Re: Probability and apologetics

Brian D. Harper (bharper@postbox.acs.ohio-state.edu)
Thu, 7 Sep 1995 23:19:33 -0400

Bill wrote:

"I'm in the midst of a crisis. I sent a brief reply to Brian.
As I told him, I agree with much of what he said -- I'm just
not as sanguine about declaring a finite length sequence nonrandom."
=================

First of all, in view of Bill's crisis I will understand if he chooses
not to continue on with this and will not interpret the absence of a
reply as a concession.

The reason that I am dogmatic (not sanguine !) in declaring that some
finite sequences are nonrandom is that this follows immediately from
the definition I'm using for random. A sequence that is compressible
is by definition nonrandom. The problem is that one cannot prove a
given sequence to be random since it may well be that it is not
random and you just haven't been clever enough to find the means to
compress it. It is, on the other hand, possible to prove a given sequence
is compressible simple by compressing it.

As I mentioned before, this definition has only to do with the structure
of the sequence and not how the sequence was generated. It is for this
reason that I'm going to try to start saying stochastic process instead
of random process. It is possible, though unlikely, for a stochastic
process to yield a sequence whose structure is nonrandom.

Another thing I tend to be dogmatic about is that practically all
sequences are random (incompressible). Note that this doesn't mean
that practically all strings are generated by a stochastic process.
Instead, it means that if you went to the trouble of writing out
all the possible sequences of a given length, most would be
incompressible. The reason I'm dogmatic about it is that this
is a basic result from algorithmic information theory and can be
proven.

Let me mention here another possible source of confusion which I
should have mentioned previously. Information theory can address
only the structure of a sequence and not its meaning. This should
be obvious if one considers the fact that exactly the same word
can mean different things in different languages. Meaning is
established by mutual consent between two or more parties and
cannot be deduced from the structure itself.
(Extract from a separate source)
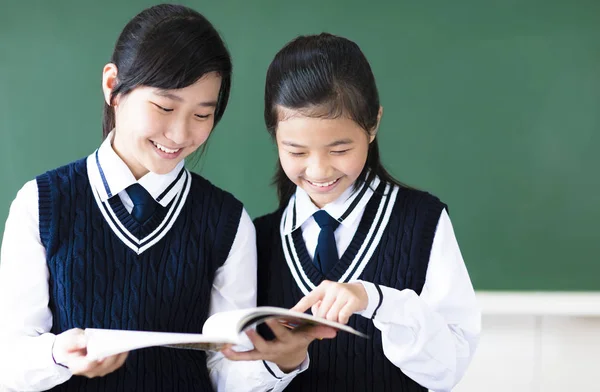 Lächelnde Teenager-Studentinnen im Klassenzimmer — Stockfoto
Now for another interesting and perhaps somewhat surprising result
that has some bearing on Glenn's proposal [I'm still thinking about
the best way to answer Glenn --- later!]. It turns out that an
incompressible string *must* contain compressible substrings. This
is no doubt what the author of the New Scientist article was getting
at when he talked about fleeting glimpses of seeming order buried in
random strings. Also, the 11 consecutive 0's in my string would be
an example of a compressible substring.

Now I will discuss Bill's post of 9/7/95.

>>bill:========
>> "The point is that no sequence is inherently random or nonrandom.
>> The sequence Brian included could have come from tosses of a fair
>> coin."
>>end:=========
>>

brian:=========
>>Now I'm really intrigued. Is this your interpretation of what the author
>>wrote or did he actually say something like this? In any event I must
>>strongly disagree with the first sentence, practically all sequences are
>>random.
>

bill:==========
>I succumbed to one of my favorite vices: making bald generalizations. The
>point I was trying to make is that it's difficult to determine if a finite
>sequence -- especially a relatively short one -- is random.
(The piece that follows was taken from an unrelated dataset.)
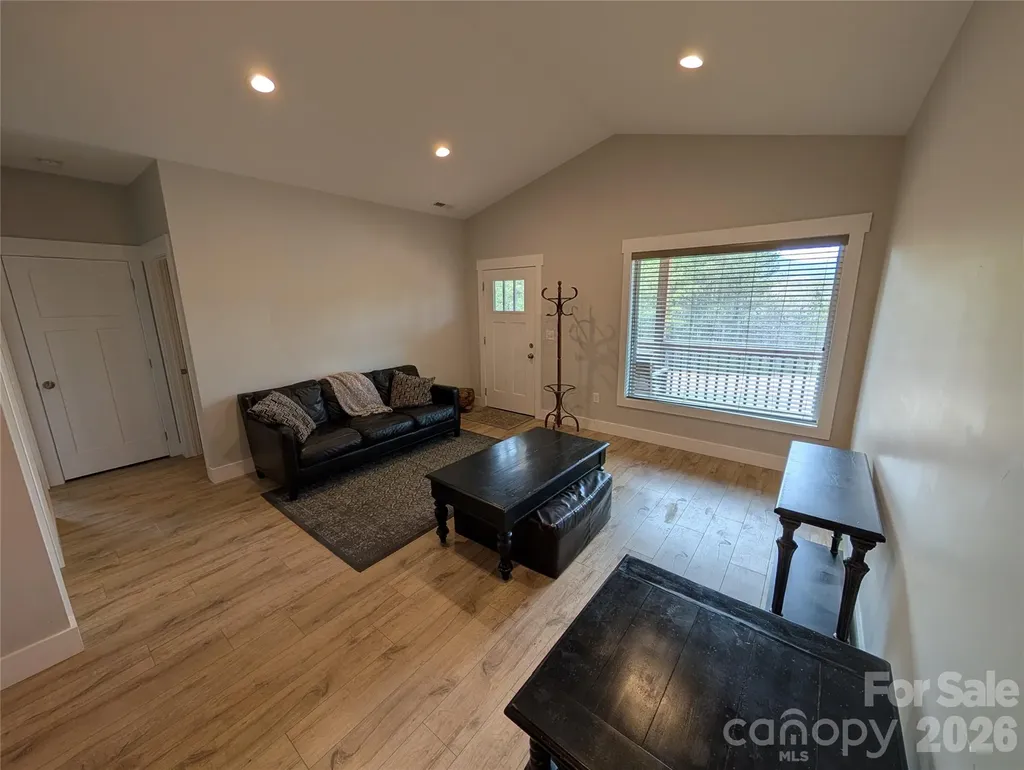 386 Sunset Drive Mill Spring NC 28756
Yes, this is precisely the problem mentioned above. It is in fact
impossible to determine if any specific sequence is random even though
almost all of them are :). Interesting paradox. Fortunately, the most
useful thing (to me anyway) is determining if a sequence is nonrandom
(i.e. compressible) and this can be done.

> I agree that
>your sequence B looks much more like a random sequence than sequence A. I
>think you discuss how practically all sequences are random below. At this
>point I will merely note that I suspect we will have to agree on some
>definitions before I will concede _that_.

Actually, one only has to define random as incompressible and then
introduce c-incompressibility as a precise way of defining what you
mean by incompressible. The rest follows from this. See Li and
Vitanyi p.96 [references at the end].

>
>>The second sentence I agree with, sequence (A) *could* have
>>been generated by tossing a fair coin, although this possibility is
>>extremely unlikely. This is not due to the improbability of obtaining
>>that *specific* sequence [the creationist's fallacy] but rather due to
>>the improbability of getting *any* ordered sequence from a random
>>process [failing to recognize this is what I referred to earlier
>>as the evolutionists fallacy]
>

bill:===============
>Perhaps you need to define ordered. Remember, you just said practically
>all sequences are random. Can a random sequence be ordered?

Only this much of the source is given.